Два лишь дня — два лишь дня на опушке отмерено мне.
Мой летучий челнок приколола я ёлкой у леса,
и с корзинкой брожу в непривычно пустой тишине.
Я травинки ищу для целебных пилюль и настоев.
Сыпануть в кипяток и в крахмале крупицы сварить.
Приворотного зелья с пыльцы мохопрялок присвоив,
намотать наугад на косы поседевшую нить. [...]
Не дают поэтессе в стихии её микрофлоры плыть свободно, ловя и лаская летящие рифмы, — цветки без корней.
Короткие стебли,
короткие дужками стебли,
розетки бесцветных цветков.
Не троньте меня.
Я лежу в уголке затаившись.
Они надо мною витают,
цветки, стебельки запятыми;
розеточки рифм, невеликий махровый цветок. [...]

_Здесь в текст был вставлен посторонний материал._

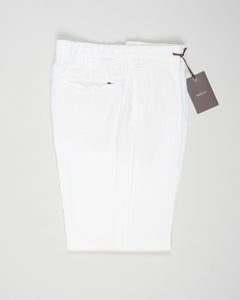 Composition: 100% Linen
Model: chiaia long-GD
Article: dg0270
Color: Panna 00
Made in Martina France, Puglia, Italy Berwich Single Pleat Linen Trousers / Panna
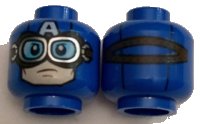 LEGO part Minifigure, Head Balaclava with Dark Brown and Gold Goggles, White 'A', Light Nougat Face Pattern 3626pb1857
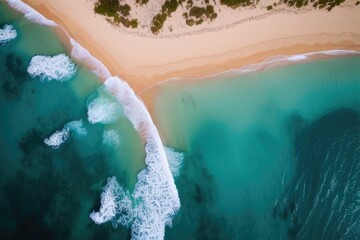 An idyllic beach and crystal clear ocean seen from above Generative AI
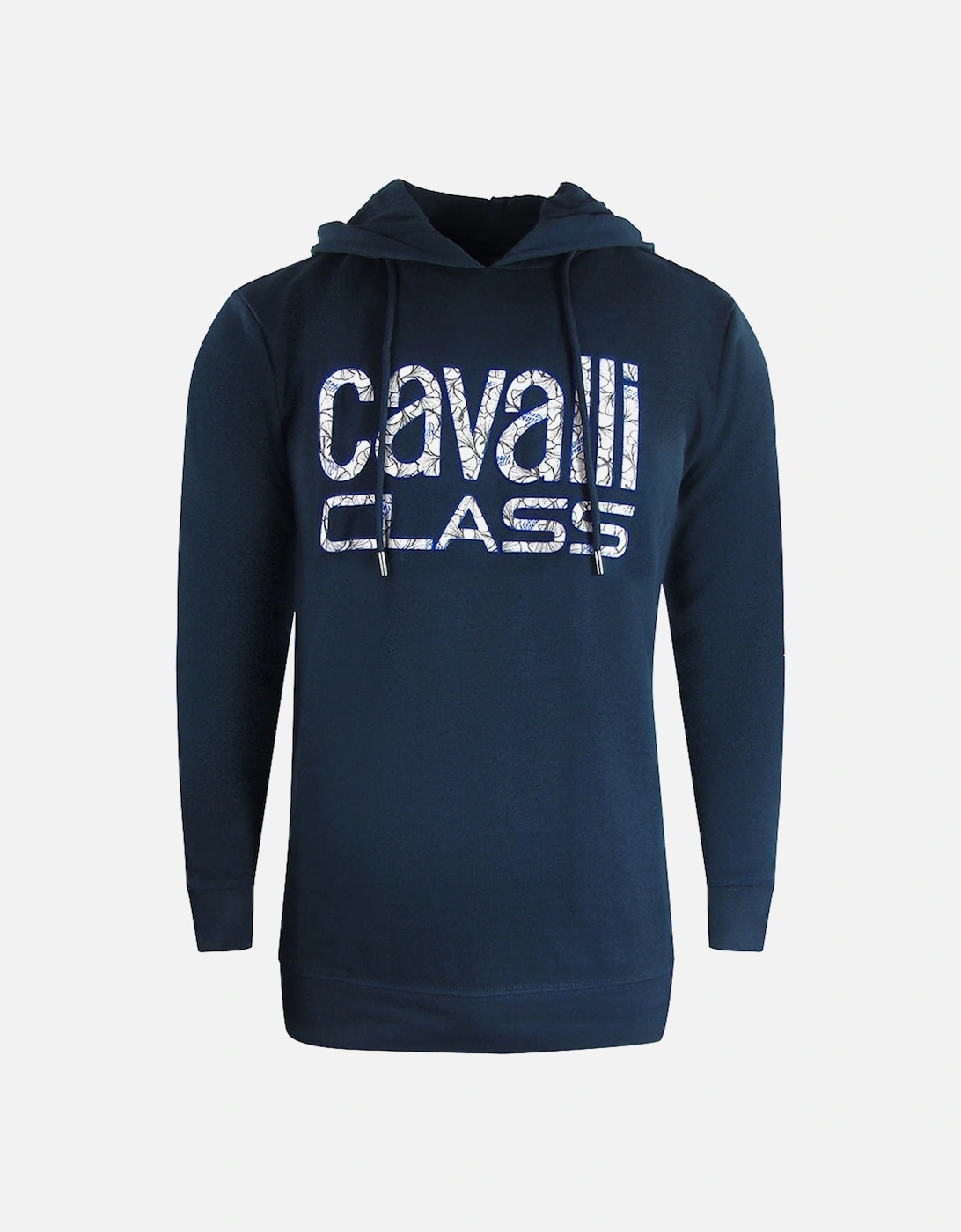 Cavalli Class Floral Logo Navy Blue Hoodie, 2 of 1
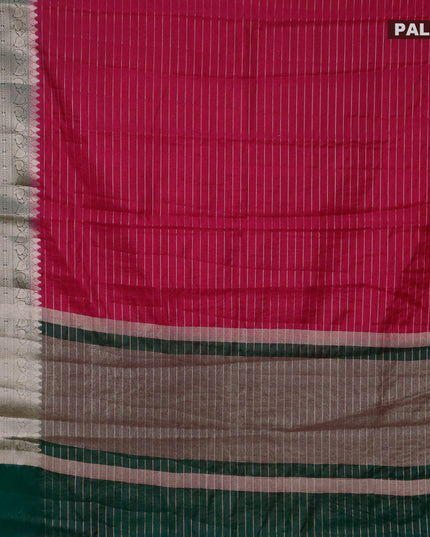 Semi dupion saree dark pink and bottle green with allover zari stripes pattern and long zari woven border & meenakari blouse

Мы могли бы обратить внимание на бинарность групп субстрактных элементов поэтики Краинской, на некую стихийную (как в броуновском движении) пертурбативную подвижность этих элементов в ткани стиха, где ни один из них не обладает абсолютной суверенностью, и лишь балансирование (вспомним принцип монады гомеометрии), которое выражается par exellence в пульсации (פעימה) или трепетании (פרפור), становится предметом безграничной тератологии...
Мы могли бы... но стоит ли? Не является ли восприятие аудио-центри ческое единственно верным?
И вы, поборники и вестники прямого жеста! Может ли быть жест прямее вечного трепета бледного мотылька над холодными искрами? Вам же предлагаю еще одну пару ушек в виде роскоши.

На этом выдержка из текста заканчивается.